In this notebook, you'll retrieve some data from a SQLite database containing data gathered from the US Census.

In [53]:
import pandas as pd
from sqlalchemy import create_engine

First, use the `create_engine()` function to connect to the database (`census_date.sqlite`, which is in the data folder).

In [54]:
# Your code here

To see all tables contained in this database, you can run the following cell.

In [55]:
query = '''
SELECT 
    name
FROM 
    sqlite_master 
WHERE 
    type ='table' AND 
    name NOT LIKE 'sqlite_%';
'''

engine.execute(query).fetchall()

[('age',), ('race',), ('educ',), ('hhinc',)]

We are going go look specifically at the race and the hhinc (household income) tables.

[Studies](https://www.ama-assn.org/delivering-care/health-equity/data-10-cities-show-covid-19-impact-based-poverty-race) have seen higher rates of infection and death from COVID-19 in more racially diverse counties compared to those which are substantially white with the same income level.

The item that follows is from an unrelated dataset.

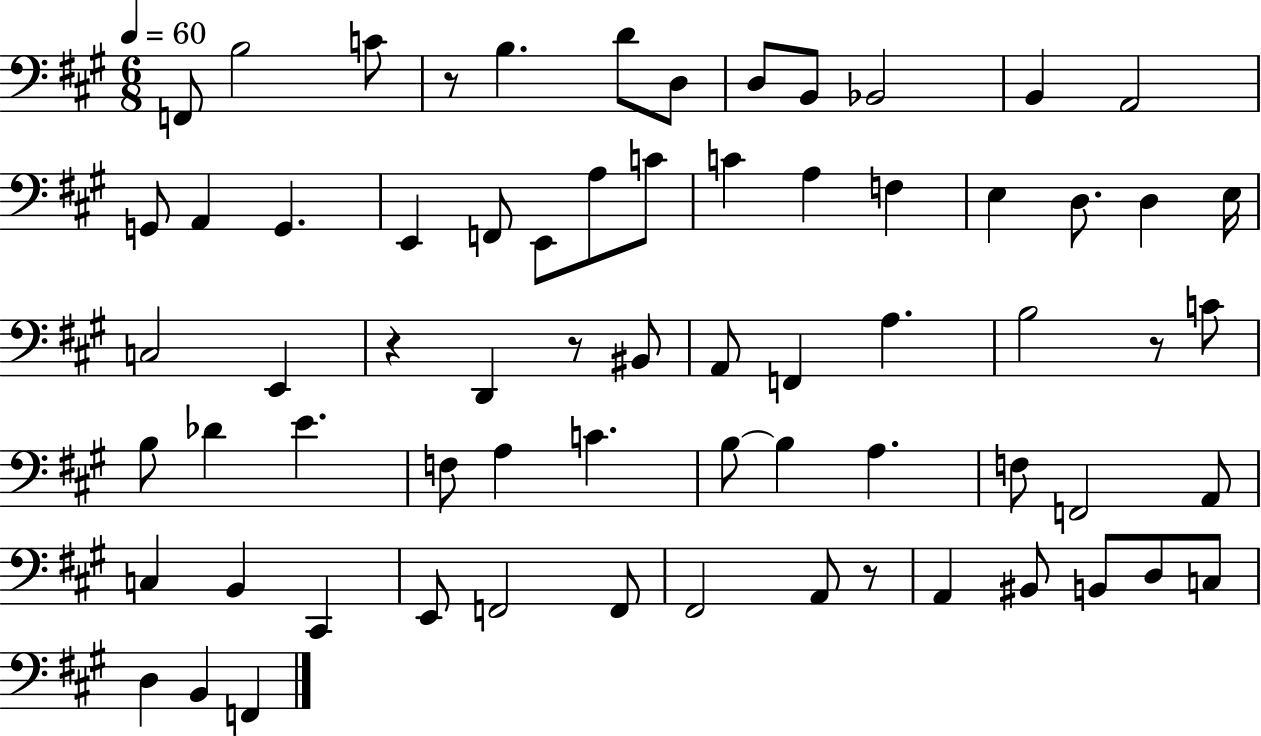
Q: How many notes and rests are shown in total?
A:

Eventually, we'll compare infection rates for majority white vs. majority non-white zipcodes in Davidson County. For now, let's just identify which zip codes are majority white.

**Step 1:** Write a query to retrieve all rows from the race table. Run this query and save the results into a pandas DataFrame named `race`.

In [None]:
# Your code here

**Step 2:** Create a column named `pct_white` by dividing the `Not Hispanic or Latino_White alone` column by the `Total` column.

In [None]:
# Your Code Here

**Question:** How many zip codes in this table are majority white (meaning `pct_white` is at least 0.5)?

In [None]:
# Your Code Here

**Difficult Question:** The race table currently includes many more zip codes than just Davidson County. Read in the COVID cases dataset, and use it to narrow down the number of rows in the `race` table to just those in Davidson County. Out of the Davidson County zip codes, how many are majority white? majority non-white?

In [89]:
# Your Code Here

[Other recent studies](https://jamanetwork.com/journals/jamanetworkopen/fullarticle/2779417) have looked at the relationship between the level of income inequality in an area and the number of COVID-19 infections. 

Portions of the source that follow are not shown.